The Sui Ecosystem: A Foundation for Innovation
Sui, a high-performance Layer 1 blockchain launched in May 2023, has quickly emerged as a hub for scalable and efficient DeFi applications. Designed with a unique object-centric data model and powered by the Move programming language, Sui offers low transaction fees, high throughput, and robust security. These attributes have fueled significant growth in its DeFi ecosystem, with Total Value Locked (TVL) surpassing $2 billion in early 2025, as reported by DeFiLlama. The blockchain’s ability to process transactions in parallel and achieve instant finality has attracted developers and users alike, positioning Sui as a competitive player alongside established networks like Ethereum and Solana.

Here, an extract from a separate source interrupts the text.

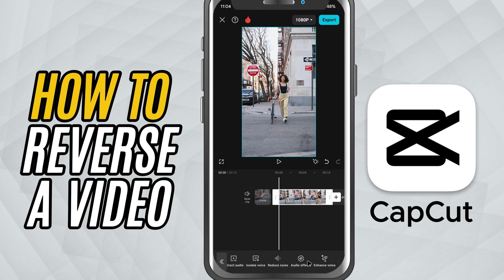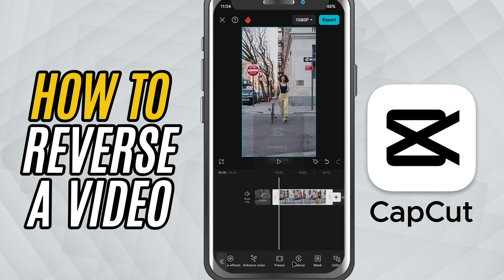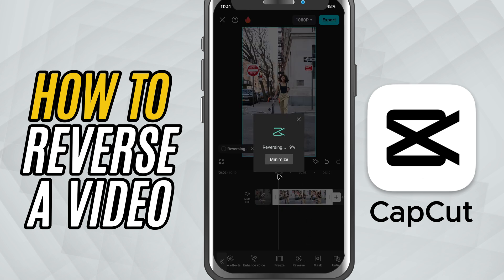Tap on it. CapCut will now process the clip. Depending on your video length, it might take a few seconds. Once it's done, your clip will now play backwards automatically.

The Sui Foundation, the organization driving the blockchain’s development, has played a pivotal role in nurturing innovative projects. Scallop stands out as the first DeFi protocol to receive an official grant from the Sui Foundation, a testament to its strategic importance within the ecosystem. This support, combined with backing from prominent industry players such as CMS Holdings, 6th Man Ventures (6MV), UOB Venture Management, and notable individuals like Dingaling, Pentoshi, and Virtual Beacon, has provided Scallop with a strong foundation for growth.
Scallop Protocol: Redefining Lending on Sui
Scallop Lend is a peer-to-peer money market protocol built on Sui, offering users a platform to lend and borrow digital assets with institutional-grade features. Since its token generation event (TGE) a year ago, Scallop has established itself as the top lending and borrowing protocol on Sui, boasting a TVL of approximately $130.27 million as of March 29, 2025. This figure reflects a notable 34% increase over the past seven days, highlighting sustained user confidence and adoption. The protocol’s total deposits and collateral currently stand at $187 million, with cumulative revenue reaching $3.94 million.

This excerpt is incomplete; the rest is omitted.